Danke für Eure Hilfe


----------



## lmarkus31 (1. Mai 2007)

Hallo,

ich kenne jetzt nicht genau die Limits die MySQL für die Anzahl Spalten pro Tabelle festlegt. Bei Oracle z.B. sind es 1000 (abgesehn von geschachtelten oder Objekttabellen) Spalten pro Tabelle, wobei es fraglich ist, ob das sinnvoll ist, da solche grossen Tabellen nur in seltenen Fällen sinnvoll so abgelegt werden können, das performant darauf zugegriffen werden kann. (row migration usw.)

Generell sollte am Anfang das Datenbank-Design stehen. Du solltest Dir überlegen, welche Informationen in den 120 Spalten stehen und in verschiedene logische Einheiten verfeinern (normalisieren). Später werden die verschieden verteilten Informationen über Joins wieder zusammengeführt. 

In manchen Fällen ist es allerdings sinnvoll auch einige Tabellen denormalisiert vorzuhalten. d.h. Redundanzen bewusst in Kauf zu nehmen, um die Performance von Abfragen zu verbessern und komplexe Joins zu vermeiden.

Bei deiner gegebenen Anzahl von 120 "Informationen" würde ich zuallererst zu einer genaueren Analyse der Daten, die gespeichert werden sollen, raten.
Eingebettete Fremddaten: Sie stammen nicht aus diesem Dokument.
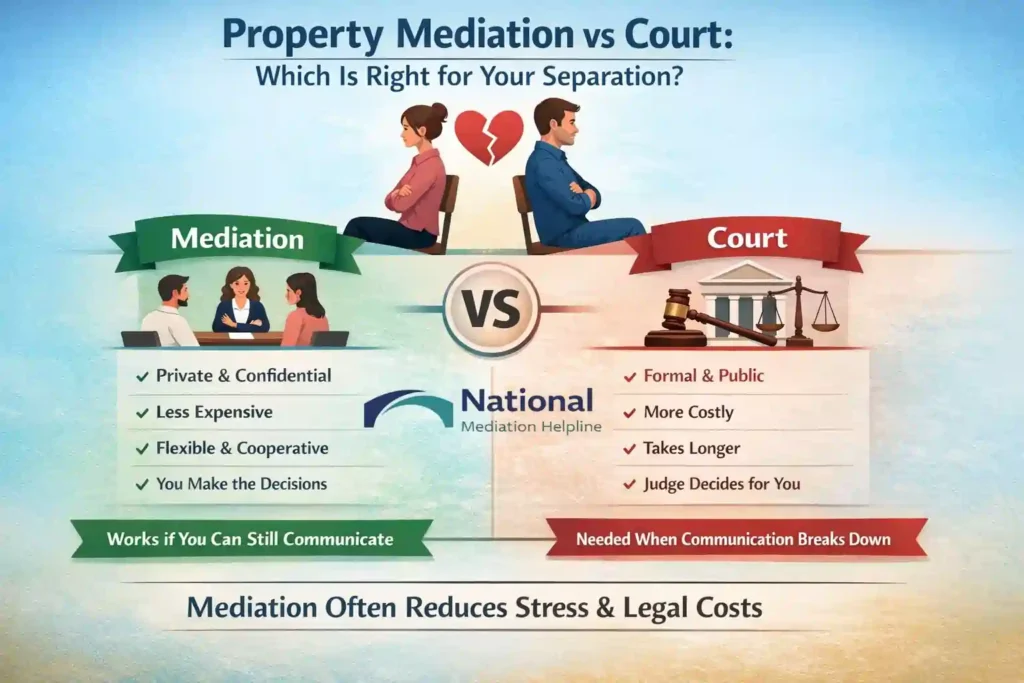 Property Mediation vs Court: Which Is Right for Your Separation Bedfordshire?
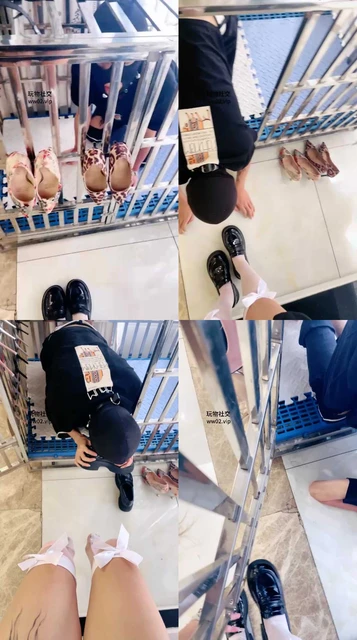 【沐沐大大】白袜诱惑-圈养狗笼-物化擦鞋器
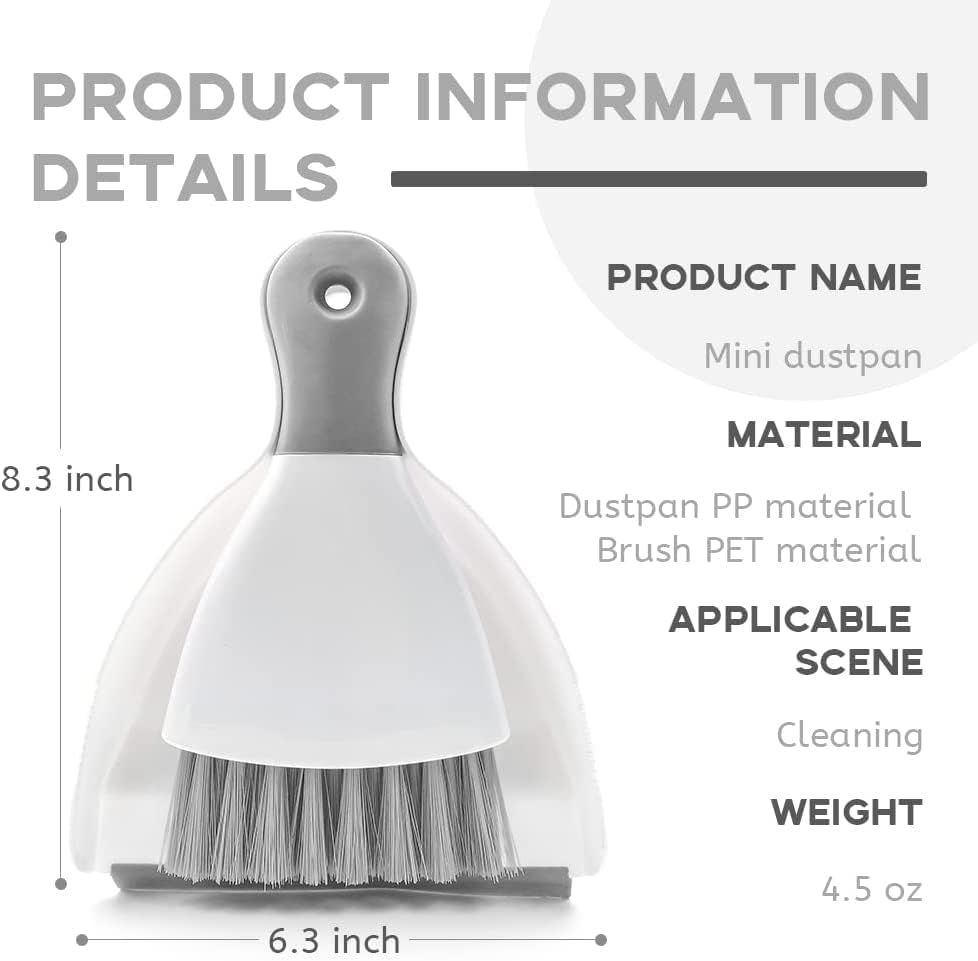 Dust pan Broom Brush Dustpan - Dustpan and Brush Set,Mini dust Pans with Brush,Dust Pan and Brush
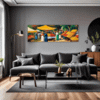 Rural Market Scene Living Room Demo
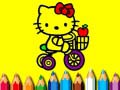 Játék Back To School: Sweet Kitty Coloring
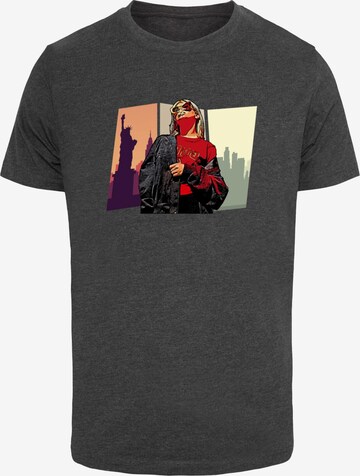 T-Shirt 'Grand Red Girl' Merchcode en gris : devant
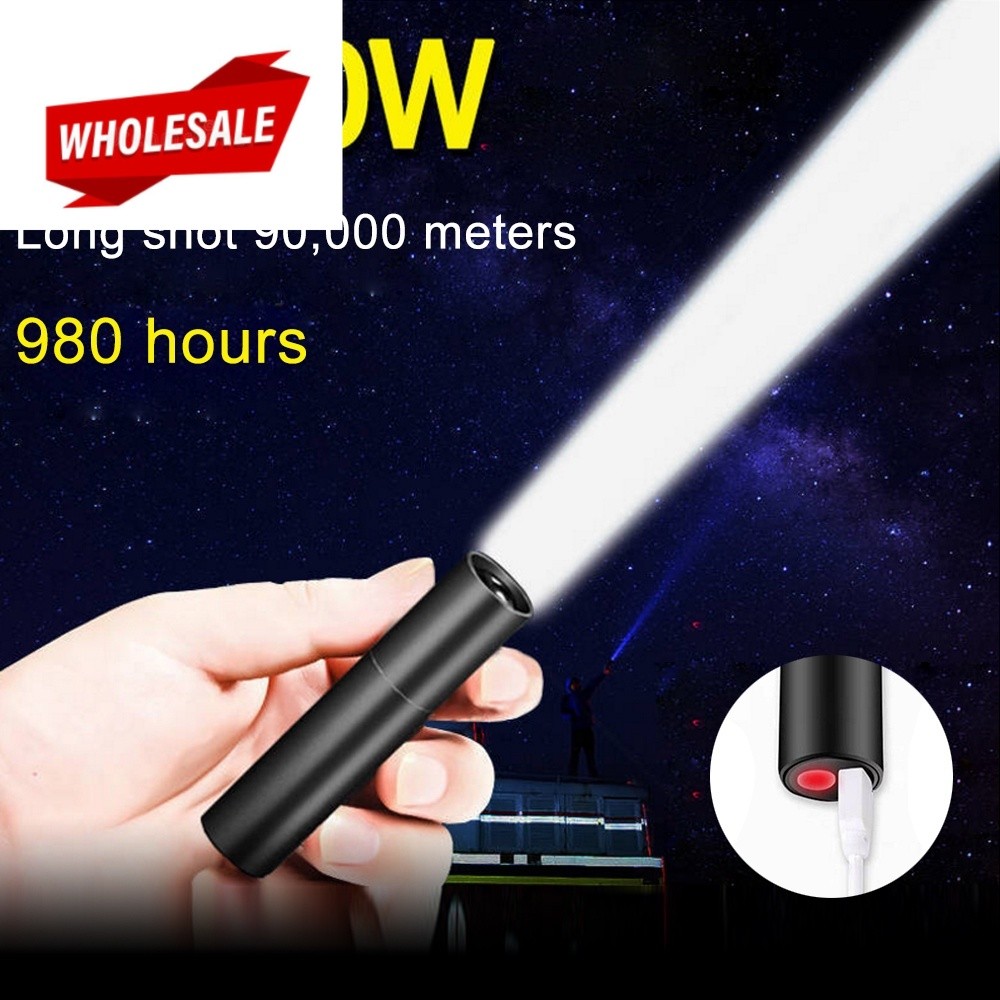 (BC) USB Mini Rechargeable Led Flashlight / 3 Lighting Mode Waterproof ...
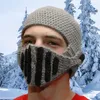 ベレットニット帽子暖かい快適な冬キャップファンシードレスカジュアルなニットスキーホリデーフィッシング旅行スノーボードのためにひげ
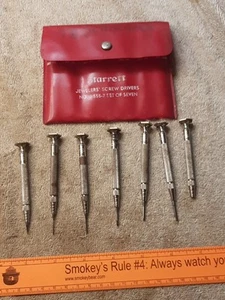 Starrett No. S 555-7 Jewelers Screw Drivers - Picture 1 of 9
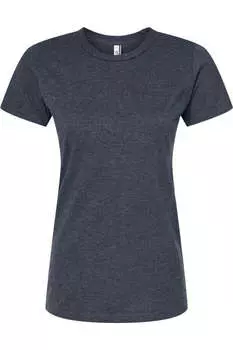 Женская футболка Tultex из смеси хлопка премиум-класса, цвет navy heather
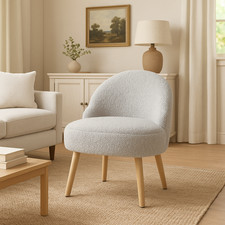 Modern grey bouclé for sale  WAKEFIELD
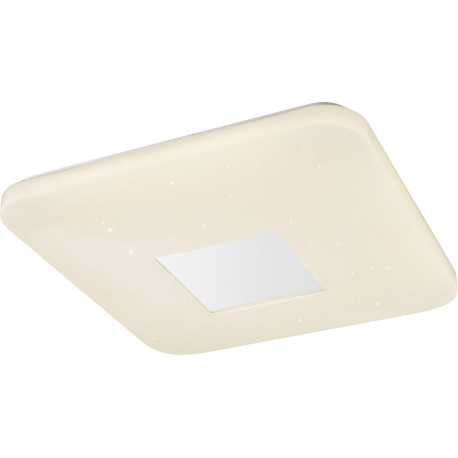 Stropné svietidlo, kov biela, biely akryl, chróm, stmievateľné, diaľkové ovládanie, fixácia farieb, 13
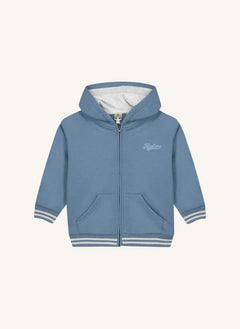 Bonton - Power Zip Sweat | Gökyüzü Mavisi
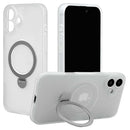 テレホンリース iPhone16 Plus  360°回転スタンドケース フロストホワイト 8321IP467ZSFSLWH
Als Einstieg solltest du dir z.B. überlegen, welche Spalten "Keyspalten" darstellen und welche anderen Spalten von diesen Keyspalten abhängen.

Am Ende kann es sein, dass du mit 6 Tabellen mit je 20 Spalten, 20 Tabellen mit je 6 Spalten usw. dastehst. Es hängt einzig und allein von deinen Daten ab.


----------



## DarthShader (1. Mai 2007)

Danke für Deine Antwort. Ja eine Analyse der Daten ist wohl notwendig, um sie vielleicht zunächst einmal zu "Kategorisieren" auf mehrere Tabellen.


----------